■ PROBLEM: In the material below, find the line with "世界杯八强王者球队展现冠军相" and the line with "Козье молочко телочка4 месяца сено", then output both and every line between them exactly, omitting pictures.

■ DATA SUPPLIED:
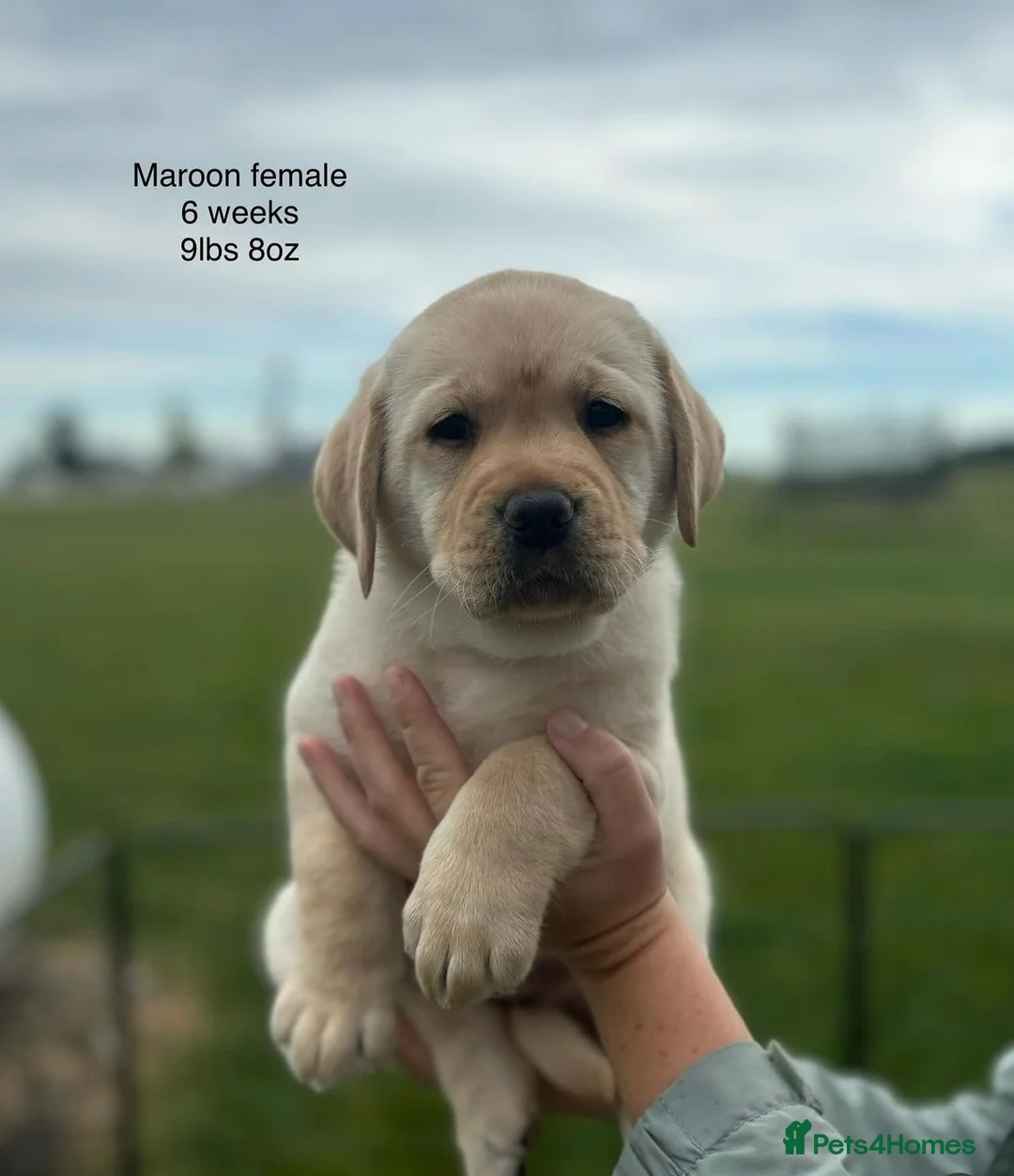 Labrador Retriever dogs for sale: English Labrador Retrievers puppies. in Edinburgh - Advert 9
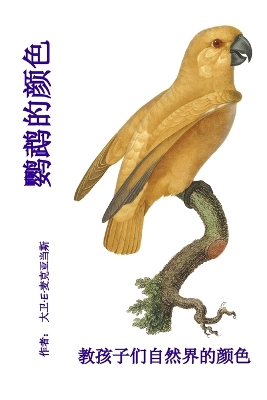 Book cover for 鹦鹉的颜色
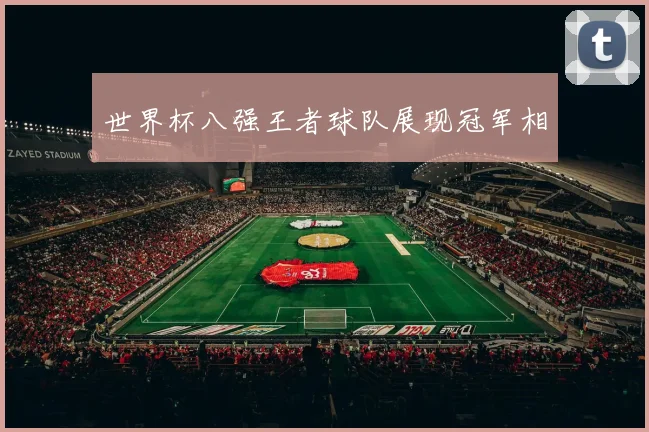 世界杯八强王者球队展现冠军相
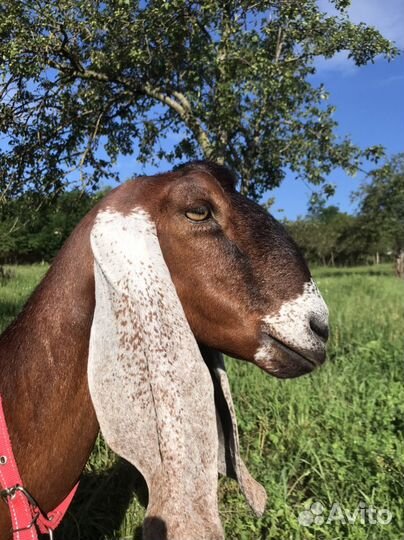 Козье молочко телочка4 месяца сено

==

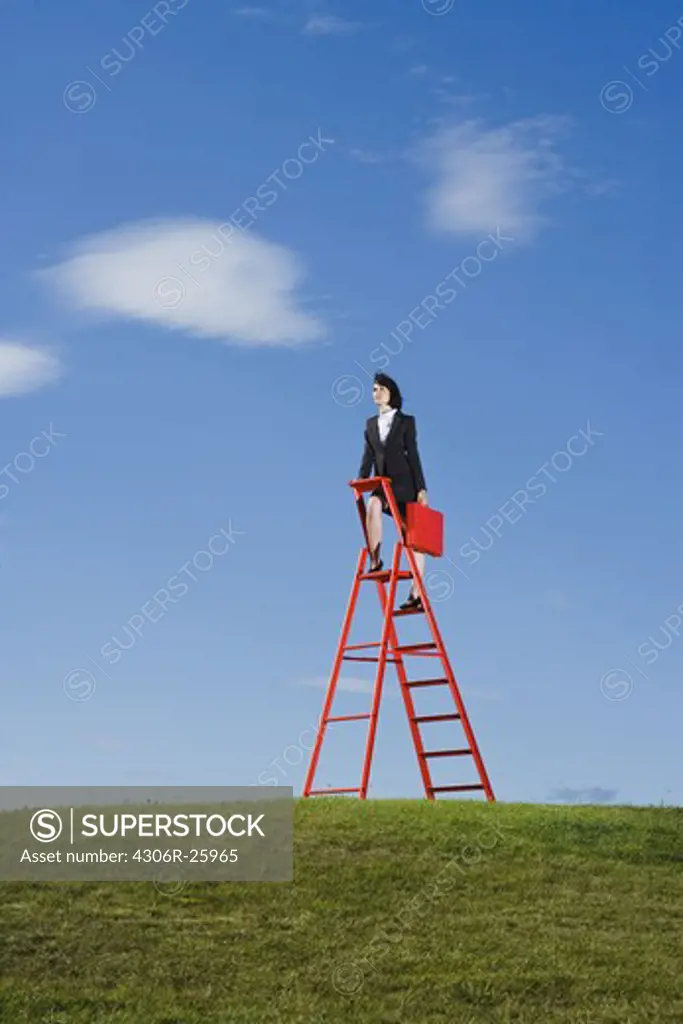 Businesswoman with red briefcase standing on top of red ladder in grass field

■ EXERCISE SOLUTION:
 世界杯八强王者球队展现冠军相
 Козье молочко телочка4 месяца сено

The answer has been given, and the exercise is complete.